On October 22, 2014 the Consumer Financial Protection Bureau (CFPB) issued minor changes to the mortgage rules to "ensure access to credit."1 The announcement finalized adjustments proposed in April 2014. The amendment made the following three general changes to the mortgage rules: (i) established an alternative definition of "small servicer" for certain nonprofit entities; (ii) amended the existing exemptions to the ability-to-repay rule for certain nonprofit entities; and (iii) provided for an ability to cure non-compliance with the points and fees limits that apply to qualified mortgages.
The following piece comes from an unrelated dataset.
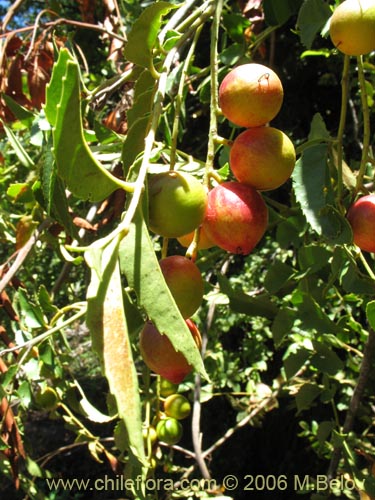 Image of Gevuina avellana (Avellano / Gevuín). Click to enlarge parts of image.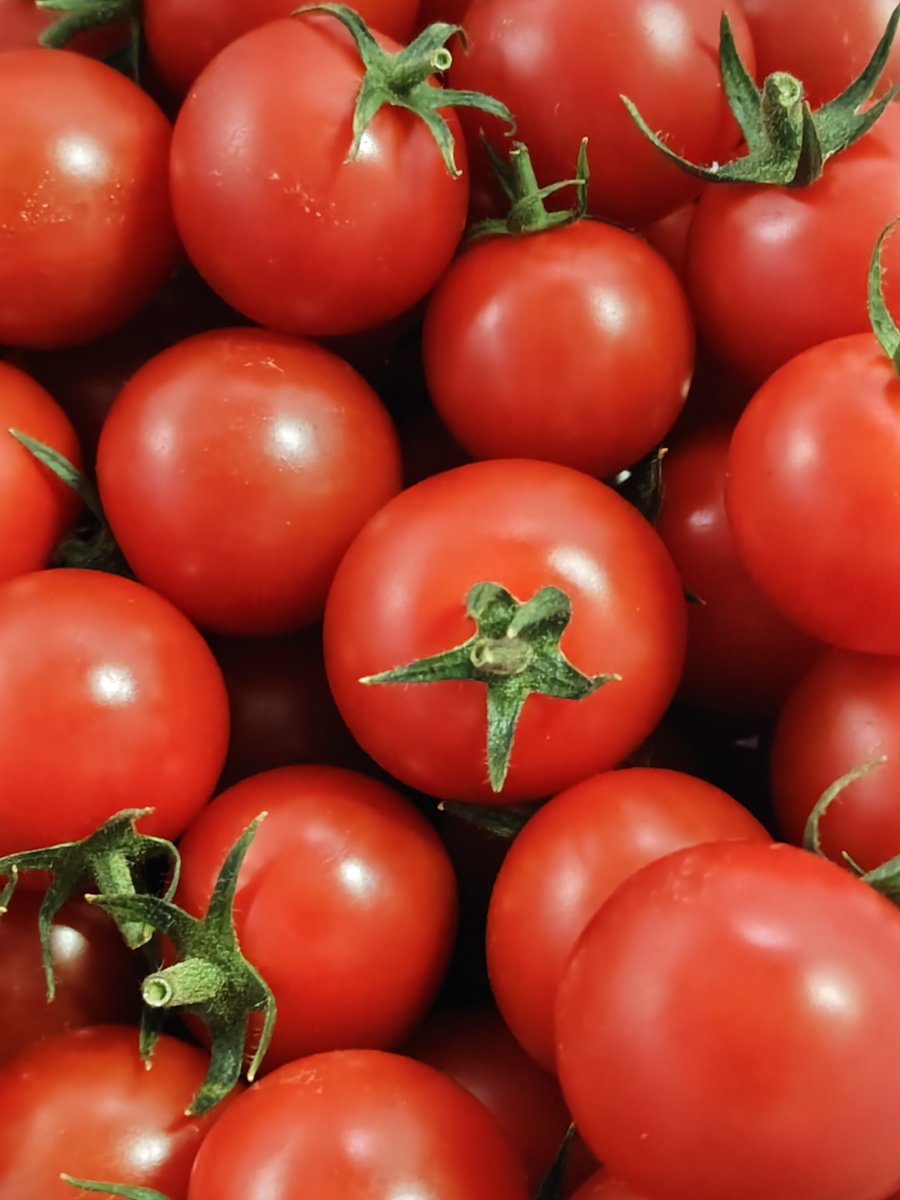 カール高橋 tweet media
The first two amendments focus primarily on the applicability of the mortgage rules to 501(c)(3) nonprofit organizations. The current small servicer exemption to the mortgage rules defines small servicers as those entities that service 5,000 or fewer mortgage loans for which the servicer or its affiliate is the creditor or assignee.2 The CFPB amended that definition to allow nonprofit entities that, by agreement, operate using a common name, trademark or service mark and support a common charitable mission to qualify as small servicers if they meet specific requirements for exemption from certain requirements of Regulation X and Z. The amendments also allow certain 501(c)(3) entities that lend to low and moderate income consumers to extend interest-free, forgivable loans (otherwise known as "soft seconds") without regard to the 200-mortgage loan limit in the mortgage rules.
The final change to the mortgage rule relates to the Ability-to-Repay (ATR) requirements of Qualified Mortgages (QM). Currently, the points and fees charged on a QM cannot generally exceed three percent of the loan principal. The amended rule would allow lenders that learn that a QM violates this rule to resolve such an issue. Specifically, lenders may refund the excess amount, with interest, to the consumer within 210 days of making the loan. Along with the refund provisions, the change would also require creditors to create and follow policies and procedures for tracking points and fees, as well as refunds, pursuant to the ATR rules. Creditors in the secondary market may also make these refunds. These rule amendments will take effect upon publication in the Federal Register. We will continue to update you on other mortgage-related developments.